Reproduce exactly the span of lines beginning at the one with "The cheek piece" and ending at the last line of the data below, omitting pictures.

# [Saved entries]
+ + + + + + +
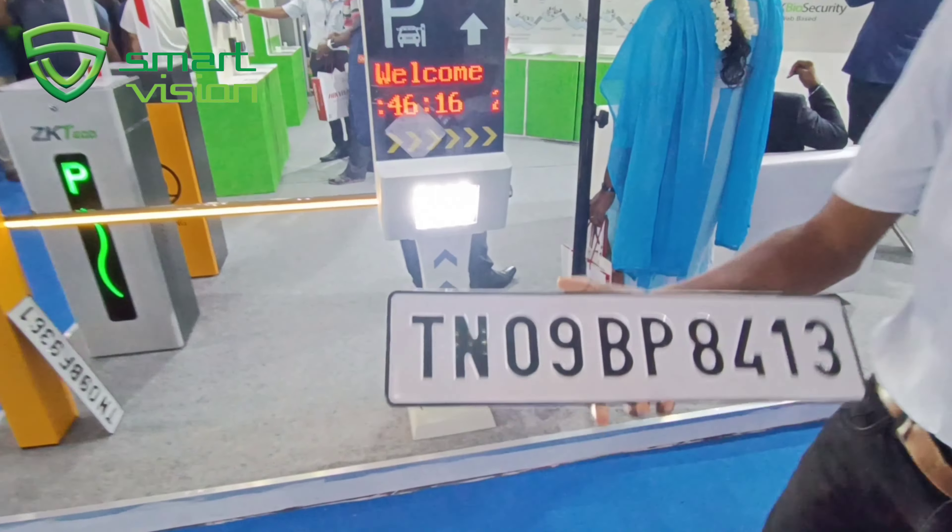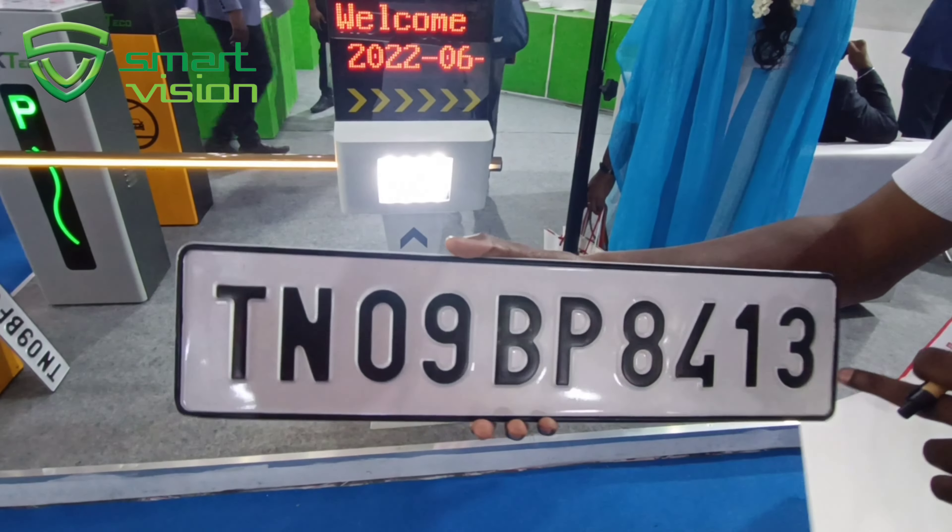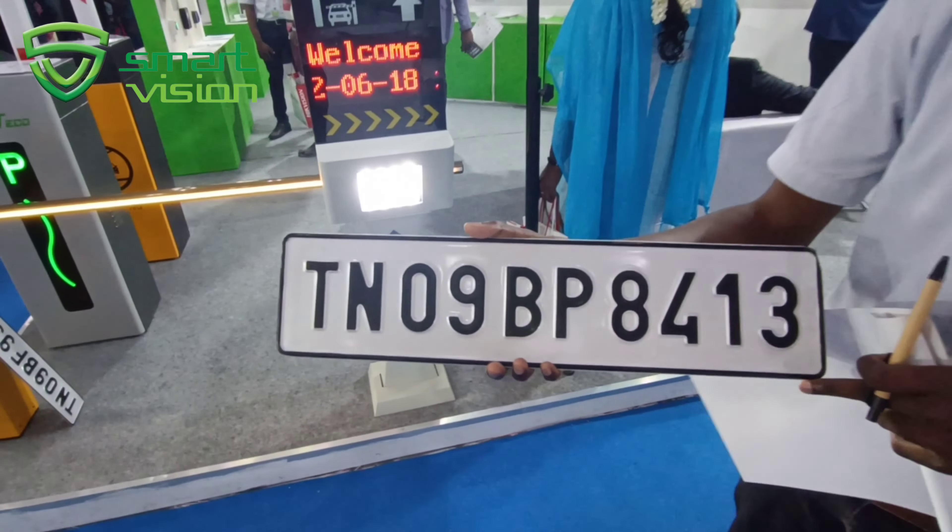Only the standard number plate will be used. No other additional customised numbers will be displayed — only the standard Indian number plate will be used.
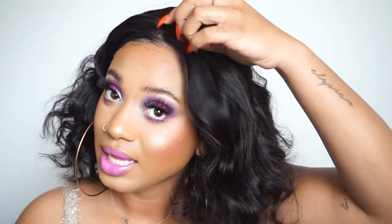Since I'm still a beginner with frontals and stuff, this wig came pre-plucked so I really didn't have to do much with it. The lace matched my skin really well, so I think it's a very beginner-friendly wig. I attempted to bleach the knots but ended up getting bleach on the hair so I had to wash it out. I ended up putting it on without bleached knots and I think it still looks pretty good.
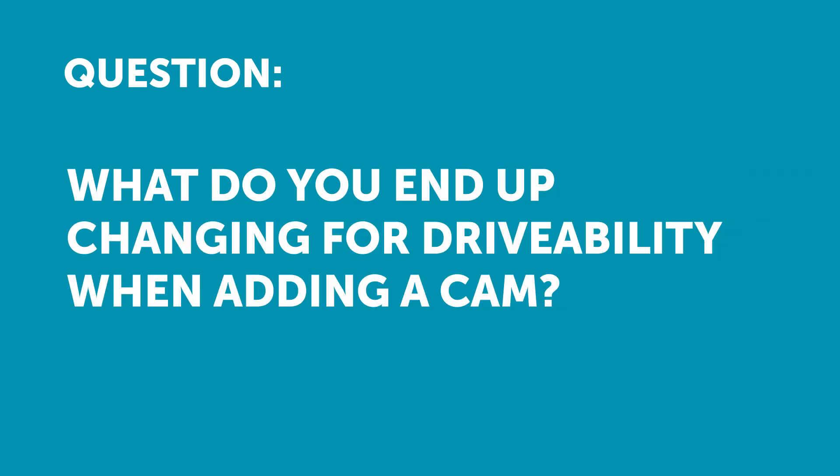What do you end up changing for drivability when you add a cam or something like that? So the first thing to understand is with a camshaft, you are going to be sacrificing some drivability, particularly with the larger cams.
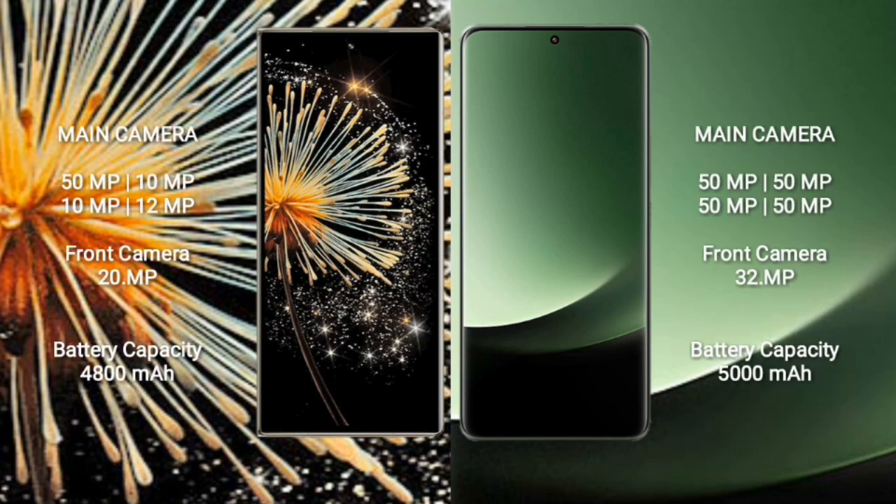Xiaomi Mix Fold 3 features a quad camera setup: 50MP, 10MP, 10MP, and 12MP, with a 20MP front camera.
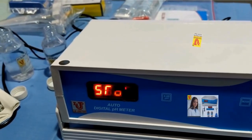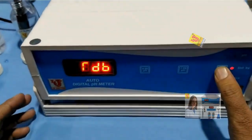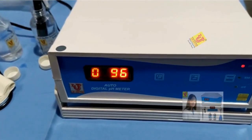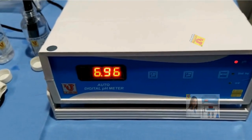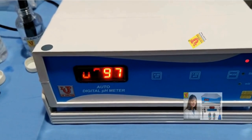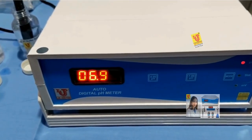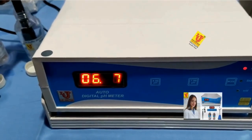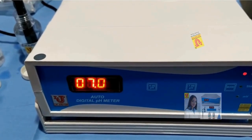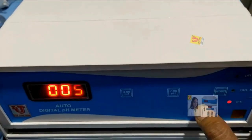Suppose my sample is the pH 7 buffer. Go to pH mode — it directly shows the result of your sample. Now I am going to standby.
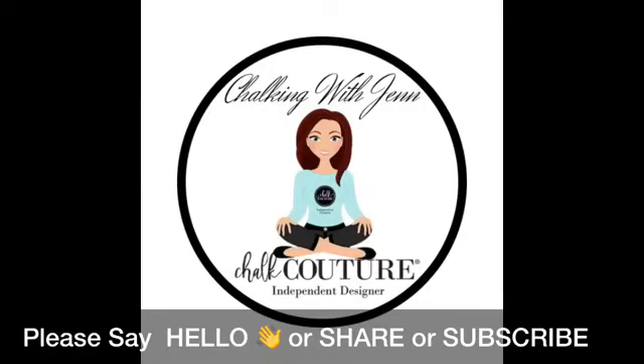Hey everyone, welcome! It is Jen with Let's Get Chalking with Jen, independent designer with Chalk Couture. As you guys come on, please make sure you say hello to me — I would love to welcome you. If you're catching me live, there is a big red live box in the upper left-hand corner, so we can chat right here on Facebook. If you're new, come on in, say hello, let me know where you're watching from.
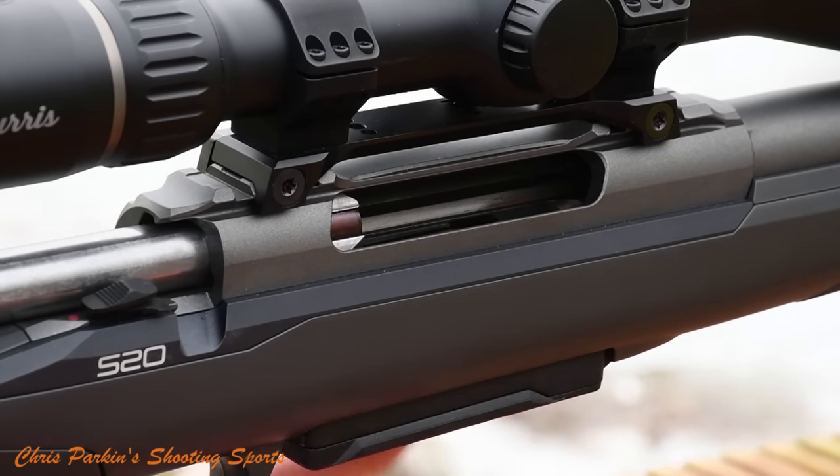The cheek piece adjustment is good in terms of comfort but not particularly easy to adjust, and if it's in a central position you do have to remove it to get the bolt in and out — but it's not the end of the world. In terms of value for money, the rifle is actually cheaper than I thought it was going to be. As a starting price on the Sport I think it's about £1,650 to £1,700. The more tactical version with the larger stock is about £1,800. Would I buy the rifle? Yes I would. I think it's a nice gun.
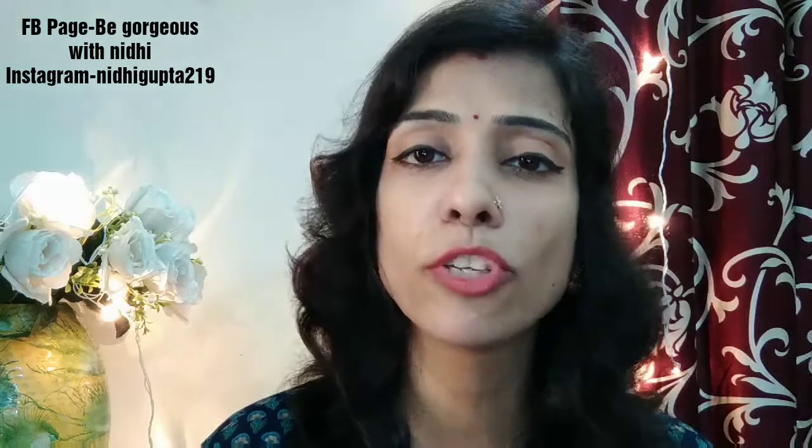Hi everyone, welcome back to my channel, The Gorgeous with Nidhi. I am Nidhi. Today I am going to share my most favorite product, and that product is the Lakme Absolute Skin Natural Mousse Foundation.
+ + + + + + +
# [RESPONSE TO THIS EXERCISE]
The cheek piece adjustment is good in terms of comfort but not particularly easy to adjust, and if it's in a central position you do have to remove it to get the bolt in and out — but it's not the end of the world. In terms of value for money, the rifle is actually cheaper than I thought it was going to be. As a starting price on the Sport I think it's about £1,650 to £1,700. The more tactical version with the larger stock is about £1,800. Would I buy the rifle? Yes I would. I think it's a nice gun.
Hi everyone, welcome back to my channel, The Gorgeous with Nidhi. I am Nidhi. Today I am going to share my most favorite product, and that product is the Lakme Absolute Skin Natural Mousse Foundation.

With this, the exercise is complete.